Sa’id bin Mansur disse che ‘Attab bin Bashir ci informò da Khasif, da Mujahid, che disse: “Il Profeta Ibrahim supplicò,

وَأَرِنَا مَنَاسِكَنَا

“e mostraci i nostri Manasik (riti)” (2:128).

Jibril (Gabriele) allora scese, lo portò alla Casa e disse: “Rialza le sue fondamenta.” Ibrahim rialzò le fondamenta della Casa e completò l’edificio.

Jibril prese la mano di Ibrahim, lo condusse ad As-Safa e disse: “Questo è tra i rituali di Allah.” Poi lo portò ad Al-Marwah e disse: “E questo è tra i rituali di Allah.”

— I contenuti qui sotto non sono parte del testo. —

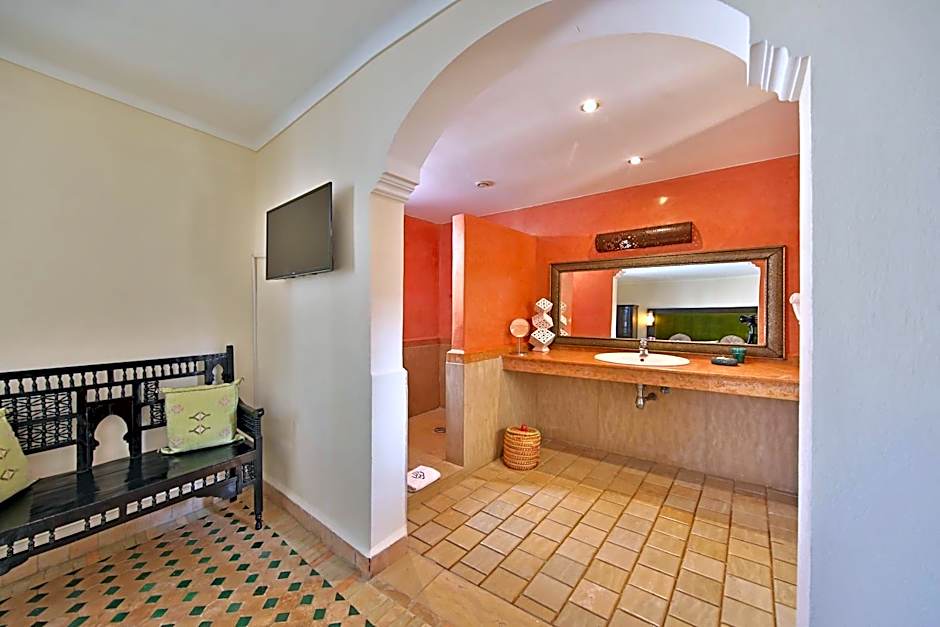 Riad Dar L'Oussia & SPA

Poi lo portò a Mina fino a quando arrivarono a ‘Aqabah, dove trovarono Iblis vicino a un albero. Jibril disse: “Fai il Takbir (di’ “Allah è il più Grande”) e lanciagli (dei ciottoli).” Ibrahim fece il Takbir e lanciò (dei ciottoli a) Iblis. Iblis si spostò alla Jamrah centrale, e quando Jibril e Ibrahim gli passarono accanto, Jibril disse a Ibrahim: “Fai il Takbir e lanciagli.” Ibrahim gli lanciò e fece il Takbir. Il subdolo Iblis cercò di aggiungere alcuni atti malvagi ai rituali del Hajj, ma non riuscì a farlo.

Jibril prese la mano di Ibrahim e lo condusse ad Al-Mash’ar Al-Haram e ‘Arafat e gli disse: “Hai ‘Arafta (conosciuto, appreso) ciò che ti ho mostrato?” per tre volte. Ibrahim disse: “Sì, l’ho fatto”.”

Dichiarazioni simili furono riportate da Abu Mijlaz e Qatadah.